**TASK STATEMENT**
Pictures stay out of the output. Return exactly the lines below from the one with "bathroom featuring walk" down to the one with "Historical re-enactors dressed", both included, and nothing more.

**DATASET**
:::::

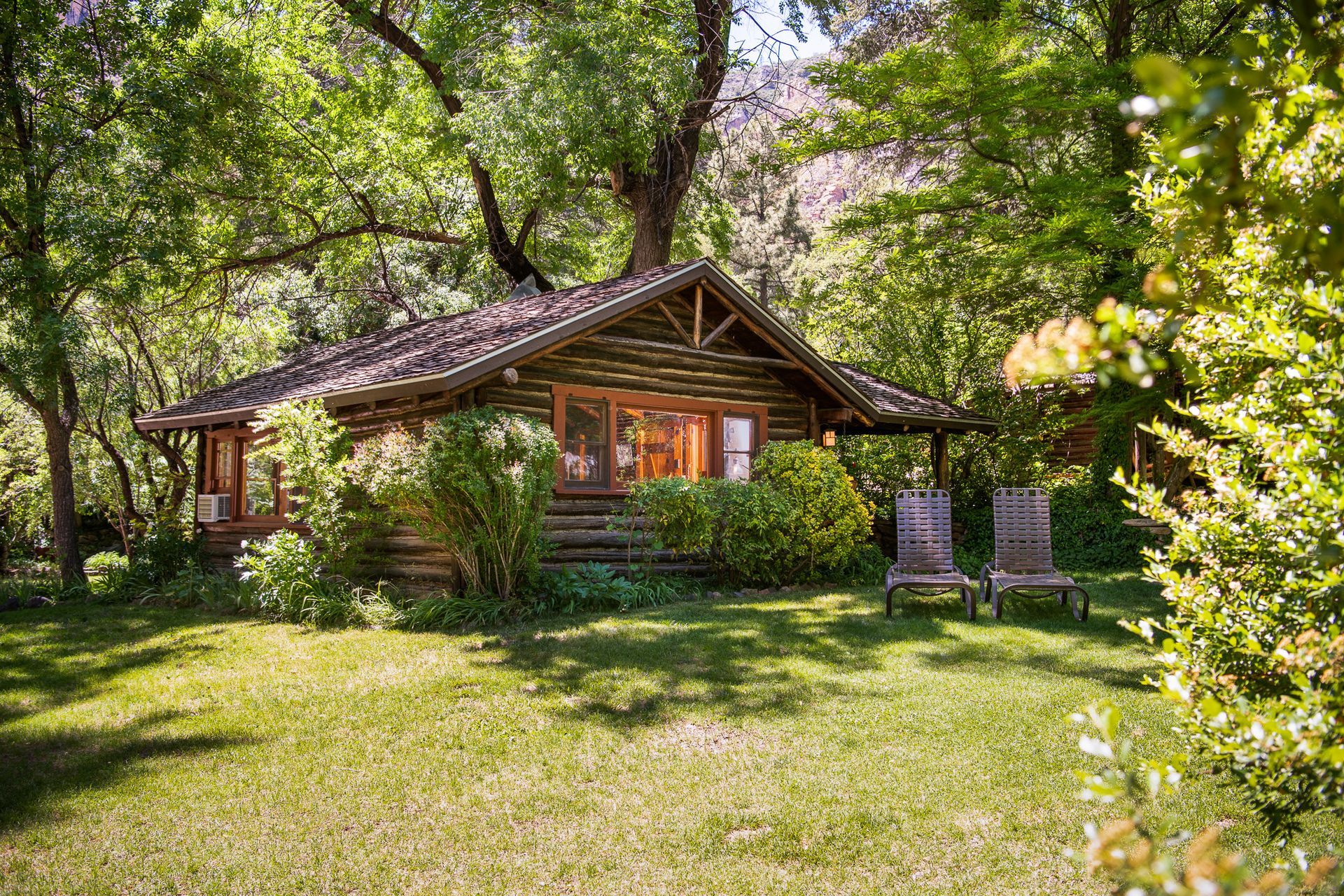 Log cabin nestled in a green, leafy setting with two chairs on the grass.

:::::

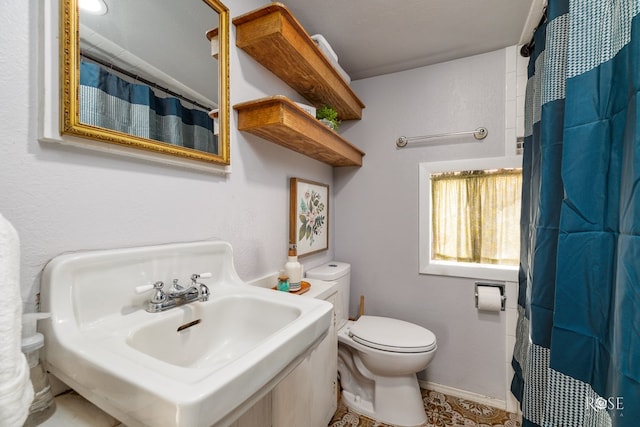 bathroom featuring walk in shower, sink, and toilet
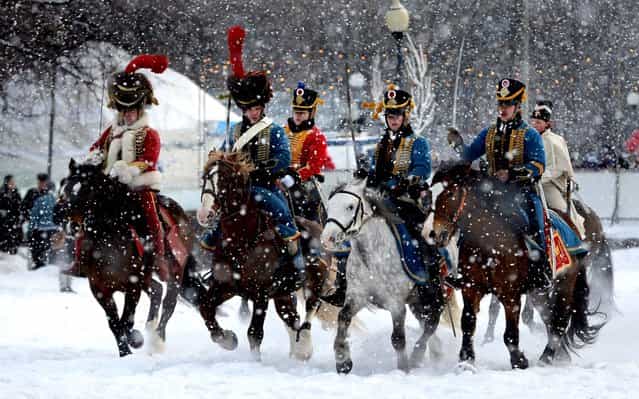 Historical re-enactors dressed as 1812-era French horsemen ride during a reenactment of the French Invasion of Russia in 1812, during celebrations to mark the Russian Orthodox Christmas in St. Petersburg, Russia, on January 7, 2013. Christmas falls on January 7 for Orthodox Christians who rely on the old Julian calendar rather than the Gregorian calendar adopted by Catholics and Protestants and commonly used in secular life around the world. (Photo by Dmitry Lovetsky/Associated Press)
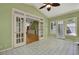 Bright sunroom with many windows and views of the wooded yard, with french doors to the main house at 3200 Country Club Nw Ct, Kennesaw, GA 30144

:::::

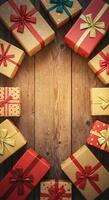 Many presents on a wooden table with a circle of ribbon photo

:::::

**RESPONSE TO THIS EXERCISE**
 bathroom featuring walk in shower, sink, and toilet
 Historical re-enactors dressed as 1812-era French horsemen ride during a reenactment of the French Invasion of Russia in 1812, during celebrations to mark the Russian Orthodox Christmas in St. Petersburg, Russia, on January 7, 2013. Christmas falls on January 7 for Orthodox Christians who rely on the old Julian calendar rather than the Gregorian calendar adopted by Catholics and Protestants and commonly used in secular life around the world. (Photo by Dmitry Lovetsky/Associated Press)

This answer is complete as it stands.